TerraFlow: Reproducible Geospatial Agricultural Modeling

CI Deploy Docs Publish to PyPI Build JOSS Manuscript PyPI Python Version Quality gate Codecov License: MIT

TerraFlow v0.2.0 is a reproducible, open-source geospatial workflow framework for agricultural modeling. It provides:

  • Geospatial preprocessing (rasters, vectors, ROI clipping)
  • Spatially-aware climate data (per-cell spatial interpolation with fallback strategies) - NEW in v0.2.0
  • Config-driven model execution with Pydantic v2 validation
  • Python package with CLI interface (terraflow --config <file>)
  • Docker workflow support
  • JOSS-compatible research workflow and manuscript
  • Comprehensive test suite (127 tests) with 100% pass rate
  • Interactive Jupyter notebook for testing and visualization
  • Architecture Decision Records (ADRs) for design documentation

Use TerraFlow to build, test, and publish reproducible agricultural analytics pipelines.

Features

Core Capabilities:

  • Modern Python package (pyproject.toml, PEP 621 compliant)
  • Fully uv-installable (uv pip install terraflow-agro)
  • Reproducible CLI interface (terraflow --config <file>)
  • Pydantic v2 configuration models with geographic coordinate validation - enhanced in v0.2.0
  • Spatial interpolation using scipy.interpolate.griddata - new in v0.2.0
  • Extensible workflow architecture with clean separation of concerns

Development & Testing:

  • Comprehensive test suite with pytest (127 tests across 10 test files)
  • Linting with ruff and black
  • Makefile automation for dev/test/build/release workflows
  • Interactive Jupyter notebook for comprehensive testing
  • Example data and demo configurations

CI/CD & Documentation:

  • GitHub Actions for CI testing and linting
  • Automated PyPI publishing on version tags
  • MkDocs-based documentation with GitHub Pages deployment
  • JOSS manuscript build automation
  • Docker support for containerized workflows

Architecture & Design:

  • Architecture Decision Records (ADRs) documenting key design choices
  • Clean module separation (cli, config, climate, geo, ingest, model, pipeline, stats, viz)
  • Comprehensive error handling and resource management
  • Production-ready code quality

Installation

Option 1: Install from PyPI (Recommended)

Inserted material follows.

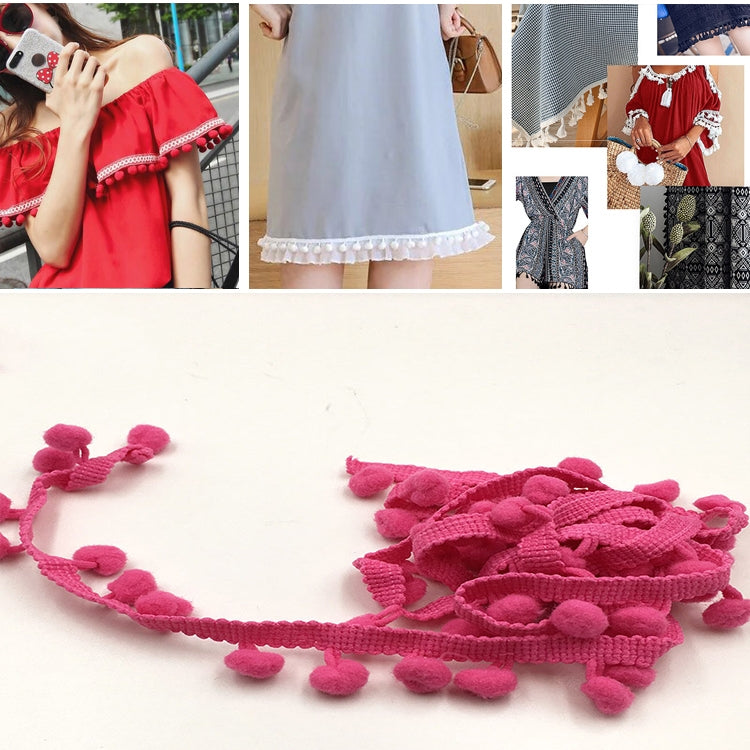 20 Yards Pompom Lace Ribbon Fur Ball Trim For Craft DIY Curtain Home Decorative Clothes Sewing Accessories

uv pip install terraflow-agro

Verify installation:

import terraflow
print(terraflow.__version__)

Option 2: Install from source

Clone the repo:

git clone https://github.com/gmarupilla/AgroTerraFlow.git
cd AgroTerraFlow

Create .venv and install dependencies

make dev

This runs:

  • uv venv .venv
  • uv pip install --python .venv/bin/python -e ".[dev]" (Using only pyproject.toml — no requirements.txt)

Quickstart

Run the demo pipeline

make run-demo

which is equivalent to:

terraflow --config examples/demo_config.yml

CLI Usage

After pip install terraflow-agro, TerraFlow exposes a terraflow command:

terraflow --config config.yml

Relative paths inside the config file resolve relative to the config file's own directory, so configs are portable regardless of your working directory.

Example:

terraflow --config examples/demo_config.yml

Your results will appear in:

outputs/

Run Fingerprint

Each pipeline execution is identified by a deterministic run_fingerprint derived from:

  • Canonicalized YAML configuration
  • ROI geometry hash
  • Input file fingerprints (sha256, size, mtime)

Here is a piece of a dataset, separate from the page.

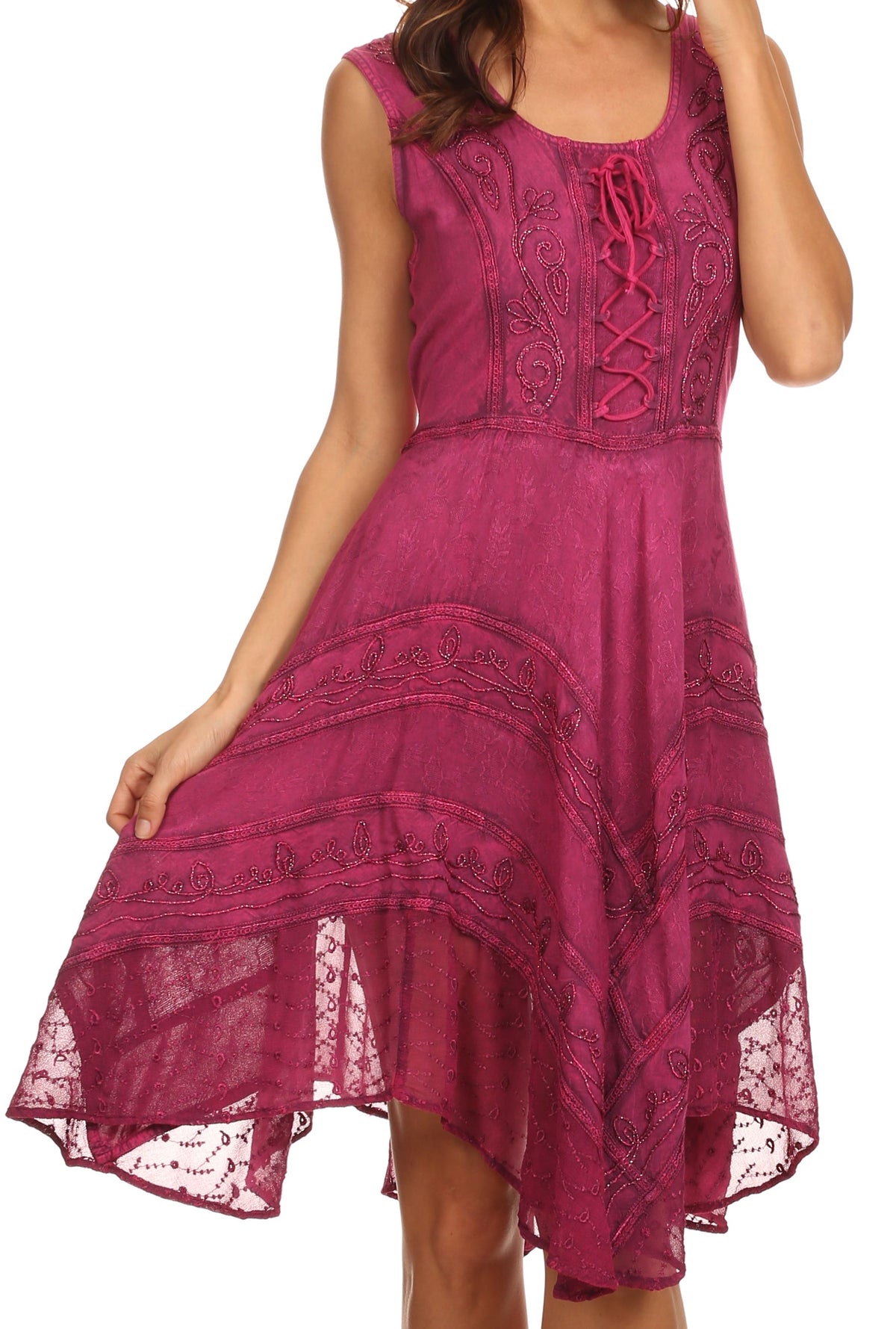 Wine red sleeveless mid-length dress with embroidered bodice and flared lace skirt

Identical inputs always produce the same fingerprint across machines. This enables immutable run directories like:

runs/<fingerprint>/...

Climate Data Integration (v0.2.0)

TerraFlow now supports per-cell climate data with two interpolation strategies:

Spatial Interpolation (Recommended)

For climate data with geographic coordinates (weather stations, satellite grids):

climate:
  strategy: spatial          # Interpolate using scipy.griddata
  fallback_to_mean: true     # Use global mean for extrapolated cells

Benefits:

  • Works with arbitrary observation locations
  • Smooth spatial gradients across your ROI
  • Graceful handling of sparse data

Index-Based Matching

For pre-aligned climate data (one row per cell):

climate:
  strategy: index            # Direct row-to-cell matching
  fallback_to_mean: true     # Use mean for mismatched counts

Climate CSV Format: Your climate CSV must have lat, lon, and climate variables:

lat,lon,mean_temp,total_rain
34.05,-118.24,22.5,250.0
34.10,-118.19,23.1,260.0

See Climate Configuration and ADR-003 for details.

Documentation

Local preview

Install the docs dependencies and serve the site:

uv pip install -r docs/requirements.txt
mkdocs serve

Publishing

Documentation is built and published automatically via GitHub Pages on every push to main.

Development

Create virtual environment + install dev deps

make dev

Run tests

make test

Run the demo workflow

make run-demo

Linting

make lint

This runs ruff and black for code formatting and style checks.

Testing

TerraFlow includes a comprehensive test suite with 127 tests covering all core functionality.

Run all tests

make test

Test Coverage

The test suite covers:

  • CLI argument parsing and error handling
  • Climate data loading and interpolation (spatial and index-based)
  • Configuration validation with Pydantic v2
  • Geospatial operations (ROI clipping, masking, band selection)
  • Data ingestion and preprocessing
  • Model execution
  • Pipeline integration
  • Statistical analysis
  • Visualization generation

Interactive Testing

Use the comprehensive Jupyter notebook for interactive testing and exploration:

jupyter notebook notebooks/terraflow_v0.2.0_comprehensive_test.ipynb

Docker Usage

Build image

make docker-build

Run container

make docker-run

Equivalent to:

docker run --rm \
    -v $(pwd):/app \
    terraflow:latest \
    --config examples/demo_config.yml

Continuous Integration (GitHub Actions)

CI Pipeline (ci.yml)

The main CI pipeline runs on every push and pull request to main/master:

  • Sets up Python 3.10 and uv package manager
  • Creates virtual environment and installs dependencies
  • Runs full test suite with pytest
  • Runs linting checks with ruff and black

Documentation Deployment (docs.yml)

Automatically builds and deploys documentation to GitHub Pages on every push to main:

  • Builds MkDocs site with strict mode
  • Deploys to GitHub Pages

PyPI Publishing (publish-pypi.yml)

Triggered on version tags (v*..):

  • Builds Python wheel and source distribution
  • Publishes to PyPI automatically
  • No manual intervention required

JOSS Manuscript (manuscript.yml)

Builds the JOSS paper PDF on version tags or manual trigger:

  • Generates publication-ready manuscript
  • Uploads as GitHub artifact

Publishing a Release to PyPI

Publishing is fully automated via GitHub Actions and publish-pypi.yml.

1. Update version

make release version=0.1.X

This:

  • updates pyproject.toml
  • updates terraflow/__init__.py
  • commits version bump
  • tags release
  • pushes tag → triggers PyPI publish

2. GitHub Action builds & uploads:

  • wheel (.whl)
  • source distribution (.tar.gz)

No manual PyPI login required.

Configuration (Pydantic v2)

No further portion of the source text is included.